**EXERCISE DETAILS**
Set down exactly the first line of the entries and every line after it, through the line with "MILF Teach Porn".

^^^^^^^^^^^^^^^^

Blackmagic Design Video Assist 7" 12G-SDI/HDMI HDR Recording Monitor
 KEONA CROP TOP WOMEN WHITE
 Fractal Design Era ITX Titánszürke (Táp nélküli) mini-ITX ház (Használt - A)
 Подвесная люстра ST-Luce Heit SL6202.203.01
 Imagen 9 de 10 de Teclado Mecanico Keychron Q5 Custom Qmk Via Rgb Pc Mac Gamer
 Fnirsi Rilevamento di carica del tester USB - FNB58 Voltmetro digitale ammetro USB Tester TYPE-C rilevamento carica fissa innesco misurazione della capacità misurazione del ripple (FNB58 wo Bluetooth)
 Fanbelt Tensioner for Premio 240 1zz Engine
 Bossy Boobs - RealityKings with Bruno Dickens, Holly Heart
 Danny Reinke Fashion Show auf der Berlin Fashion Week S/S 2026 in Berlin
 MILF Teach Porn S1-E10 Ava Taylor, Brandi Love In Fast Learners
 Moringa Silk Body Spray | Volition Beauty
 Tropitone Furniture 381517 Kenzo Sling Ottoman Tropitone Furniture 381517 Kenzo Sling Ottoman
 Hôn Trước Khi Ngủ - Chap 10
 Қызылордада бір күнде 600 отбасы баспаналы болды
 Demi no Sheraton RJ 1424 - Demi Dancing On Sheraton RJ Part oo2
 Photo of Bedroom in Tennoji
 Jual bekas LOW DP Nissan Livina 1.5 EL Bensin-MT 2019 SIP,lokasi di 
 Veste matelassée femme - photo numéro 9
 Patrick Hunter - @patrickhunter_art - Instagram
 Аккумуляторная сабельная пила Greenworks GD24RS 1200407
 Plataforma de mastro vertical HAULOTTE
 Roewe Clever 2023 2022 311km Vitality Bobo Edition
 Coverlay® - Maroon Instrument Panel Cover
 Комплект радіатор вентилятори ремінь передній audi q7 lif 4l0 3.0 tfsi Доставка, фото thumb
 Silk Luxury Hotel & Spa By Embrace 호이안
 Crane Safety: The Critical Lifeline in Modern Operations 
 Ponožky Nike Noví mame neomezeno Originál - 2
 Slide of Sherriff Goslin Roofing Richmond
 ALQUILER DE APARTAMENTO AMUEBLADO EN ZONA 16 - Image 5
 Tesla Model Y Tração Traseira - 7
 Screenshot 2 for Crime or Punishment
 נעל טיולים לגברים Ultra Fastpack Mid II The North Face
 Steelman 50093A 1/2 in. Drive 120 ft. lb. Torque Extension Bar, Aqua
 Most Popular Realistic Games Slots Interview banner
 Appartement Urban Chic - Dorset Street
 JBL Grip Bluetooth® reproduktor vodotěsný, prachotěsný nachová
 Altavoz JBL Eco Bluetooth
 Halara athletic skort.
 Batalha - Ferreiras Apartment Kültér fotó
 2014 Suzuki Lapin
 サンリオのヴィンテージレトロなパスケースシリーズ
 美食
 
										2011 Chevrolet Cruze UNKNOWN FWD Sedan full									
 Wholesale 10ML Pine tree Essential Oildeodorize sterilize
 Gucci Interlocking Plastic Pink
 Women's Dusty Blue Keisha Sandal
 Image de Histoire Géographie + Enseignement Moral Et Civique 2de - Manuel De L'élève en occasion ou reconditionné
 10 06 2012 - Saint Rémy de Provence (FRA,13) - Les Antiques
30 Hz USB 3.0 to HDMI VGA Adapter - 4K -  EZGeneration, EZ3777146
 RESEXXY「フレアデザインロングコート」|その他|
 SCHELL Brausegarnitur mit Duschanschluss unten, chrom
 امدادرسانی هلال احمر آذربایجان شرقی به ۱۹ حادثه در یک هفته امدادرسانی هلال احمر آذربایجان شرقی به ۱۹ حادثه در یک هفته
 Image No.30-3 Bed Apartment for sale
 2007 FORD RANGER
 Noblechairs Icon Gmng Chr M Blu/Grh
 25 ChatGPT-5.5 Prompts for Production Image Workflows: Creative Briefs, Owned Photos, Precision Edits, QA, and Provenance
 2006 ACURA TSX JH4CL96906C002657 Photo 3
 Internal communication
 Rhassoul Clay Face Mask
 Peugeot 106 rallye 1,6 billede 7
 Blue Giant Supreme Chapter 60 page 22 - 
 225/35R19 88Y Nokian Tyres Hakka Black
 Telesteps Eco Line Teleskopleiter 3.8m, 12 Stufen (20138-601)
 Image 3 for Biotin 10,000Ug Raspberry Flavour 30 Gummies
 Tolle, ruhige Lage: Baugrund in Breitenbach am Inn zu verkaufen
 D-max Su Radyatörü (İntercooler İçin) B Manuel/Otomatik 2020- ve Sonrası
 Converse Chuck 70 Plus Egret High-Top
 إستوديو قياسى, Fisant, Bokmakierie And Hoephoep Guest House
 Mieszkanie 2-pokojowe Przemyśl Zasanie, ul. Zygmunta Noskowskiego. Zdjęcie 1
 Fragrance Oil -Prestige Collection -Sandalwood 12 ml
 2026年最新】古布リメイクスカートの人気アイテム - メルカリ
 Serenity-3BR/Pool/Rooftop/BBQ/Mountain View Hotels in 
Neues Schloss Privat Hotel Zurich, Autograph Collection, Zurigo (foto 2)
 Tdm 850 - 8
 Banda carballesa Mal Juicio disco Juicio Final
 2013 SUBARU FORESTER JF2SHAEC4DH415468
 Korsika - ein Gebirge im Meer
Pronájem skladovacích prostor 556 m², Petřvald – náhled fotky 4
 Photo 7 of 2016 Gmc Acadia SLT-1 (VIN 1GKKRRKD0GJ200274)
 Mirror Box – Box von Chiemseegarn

^^^^^^^^^^^^^^^^

**YOUR SOLUTION**
Blackmagic Design Video Assist 7" 12G-SDI/HDMI HDR Recording Monitor
 KEONA CROP TOP WOMEN WHITE
 Fractal Design Era ITX Titánszürke (Táp nélküli) mini-ITX ház (Használt - A)
 Подвесная люстра ST-Luce Heit SL6202.203.01
 Imagen 9 de 10 de Teclado Mecanico Keychron Q5 Custom Qmk Via Rgb Pc Mac Gamer
 Fnirsi Rilevamento di carica del tester USB - FNB58 Voltmetro digitale ammetro USB Tester TYPE-C rilevamento carica fissa innesco misurazione della capacità misurazione del ripple (FNB58 wo Bluetooth)
 Fanbelt Tensioner for Premio 240 1zz Engine
 Bossy Boobs - RealityKings with Bruno Dickens, Holly Heart
 Danny Reinke Fashion Show auf der Berlin Fashion Week S/S 2026 in Berlin
 MILF Teach Porn S1-E10 Ava Taylor, Brandi Love In Fast Learners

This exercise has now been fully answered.